Sagging demand led to the closure of hundreds of Xidelong stores last year. The number was reduced by more than 37 percent to 3,080 stores at the end of 2013. This had the advantage of decreasing promotional expenses and subsidies for the stores. The costs were also reduced by the smaller average size of renovated stores, down to 74 square meters.

Sales for the last quarter climbed by 32.7 percent to 495.9 million yuan renminbi (€57.17m-$79.55m), driven by a 52.9 percent jump in apparel sales. The gross profit margin remained unchanged at about 27.3 percent but the rising sales strongly pushed profits. The group ended the quarter with net profit of RMB 21.7 million (€2.50m-$3.48m), more than twice the profit in the same quarter last year.

For the full year, sales shrank by 31.6 percent to RMB 1,629.6 million (€187.85m-$261.36m), with declines for all product categories. The decrease was chiefly caused by much lower volumes. Average footwear prices also decreased slightly for the year, down by 2.7 percent, but they advanced by 24.6 percent for apparel due to stronger sales of quality and winter products.

The group's gross margin was down by 1.2 percentage points to 27.1 percent for the year. Its operating profit slumped by 59.2 percent to RMB 94.5 million (€10.89m-$15.16m) while the net profit contracted by 67.1 percent to RMB 65.5 million (€7.55m-$10.51m).

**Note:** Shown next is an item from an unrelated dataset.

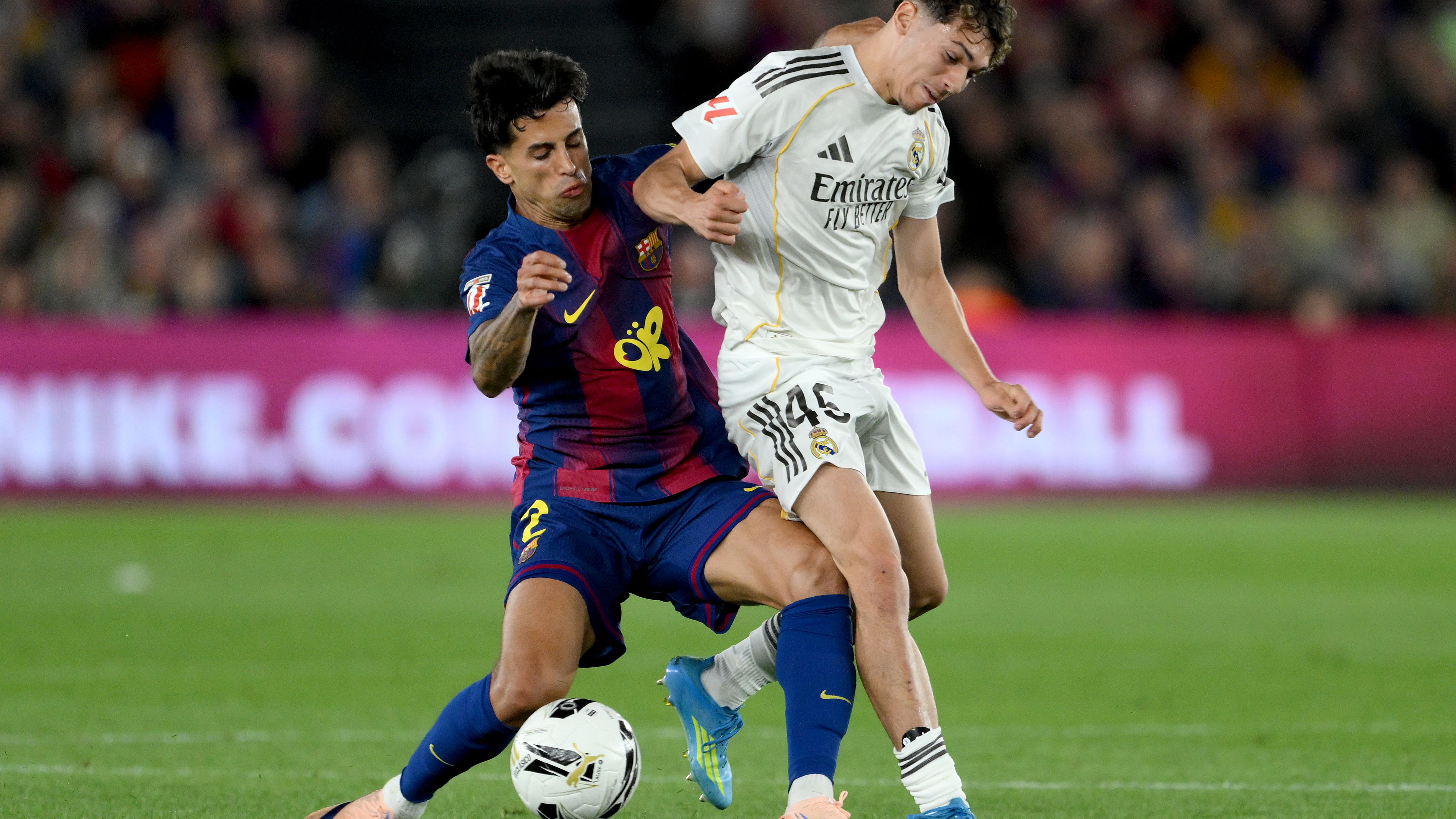 Barcellona, Cancelo fa un nuovo record:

Exceed Company was short on strategic plans and prospects after this rough year, only reiterating its confidence that the Chinese sportswear market will continue to expand in spite of economic constraints. Exceed is still listed on Nasdaq, in spite of an offer made last December by investors around Shuipan Lin, its chief executive, to take the company private. A shareholders' meeting scheduled last month to vote on the proposal had to be adjourned, apparently due to delays in arranging financing for the offer.